I'm taking Non-Linear PDEs course this semester. I'm stuck in this HW problem.
Solve the IVP:
$ u_t+uu_x =0, \ \ x \in \mathbb{R}, \ t\ge 0 $
$$
u(x,0) = \left\lbrace
\begin{aligned}
& 1 &&\text{for}\; x < -1\\
& -x &&\text{for}\; {-1}\leqslant x \leqslant 0 \\
& 1 &&\text{for}\; x > 0\, .
\end{aligned}
\right.
$$
This is my attempt.
$\frac{du}{dt}=0$ along $\frac{dx}{dt} = u$
$\implies u = \xi$ along $x = tu_0(\xi)+\xi$
For $\xi < -1$, $u = 1$ along the characteristic $x = t+\xi$
For $\xi \in (-1,0)$, $u = -\xi$ along $x = -\xi t+\xi$ \implies $u = \frac{x}{t-1}$
For $\xi >0$, $u = 1$ along the characteristic $x = t+\xi$
Plotting these characteristics (on desmos), we can observe that there is a void. The horizontal axis is $x$, and the vertical axis is $t$.
Hence, a fan of characteristics will emerge from $(x,t) =(0,0)$. In that region $u =\frac{x}{t}$ as shown below.

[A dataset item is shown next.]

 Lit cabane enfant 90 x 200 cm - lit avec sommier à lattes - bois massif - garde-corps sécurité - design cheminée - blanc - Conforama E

For $t>1$, the fan of characteristics emerging from origin intersects the characteristics $x= -\xi t+\xi$ emerging from $-1 <x<0$. Hence, a shock would emerge. From Rankine-Hugoniot Conditions, shock speed can be calculated as:
$$\frac{ds}{dt} = \frac{u^{+}+u^{-}}{2} = \frac{\frac{s}{t}+\frac{s}{t-1}}{2}$$
On solving this ODE with the initial condition as $s(t = 1+) = 0$, we get: $s = C \sqrt{t(t-1)}$ where $C$ is an arbitrary constant. Now, here is the problem,
- How to get $C$?
- On plotting the shock path, another void seems to be created which doesn't seem quite right!
Can you please clarify whether my approach is correct? Any help would be greatly appreciated.
PS: Apologies for poor formatting/images.
Best Answer
JJacquelin's answer resolves the solution for $x<0$ and $0<t<1$. Notice that there is a rarefaction fan of the form $u = x/t$ starting at $(0,0)$, so this should also contain a condition where $u(x,t) = x/t$ for $0\leq x \leq t$ for $0\leq t\leq1$. From this and JJaacquelin's answer, we can determine that the solution at $t=1$ is given by $$ u(x,1) = \begin{cases} 1 & x<0 \\ x & 0<x<1 \\ 1 & x>1 \end{cases}. $$ We now solve this initial value problem starting at $t=1$. We can see that a shock will occur at $x=0$, so our solution for $t>1$ will look like $$ u(x,t) = \begin{cases} 1 & x<s(t) \\ x/t & s(t) < x < t \\ 1 & x > t \end{cases}, $$ where $x = s(t)$ is the shock curve. To find the shock curve, we apply the Rankine-Hugoniot conditions, which say $$ s'(t) = \frac{f(u_+) - f(u_-)}{u_+ - u_-} = \frac{u_+ + u_-}{2} = \frac{1}{2} + \frac{s}{2t}, \, s(1) = 0. $$ Notice here that we substituted $u_+ = x/t$ and $x = s(t)$ to obtain this ODE. Solving obtains $s(t) = t - \sqrt{t}$. We can combine this with the $0<t<1$ solution to obtain a final solution.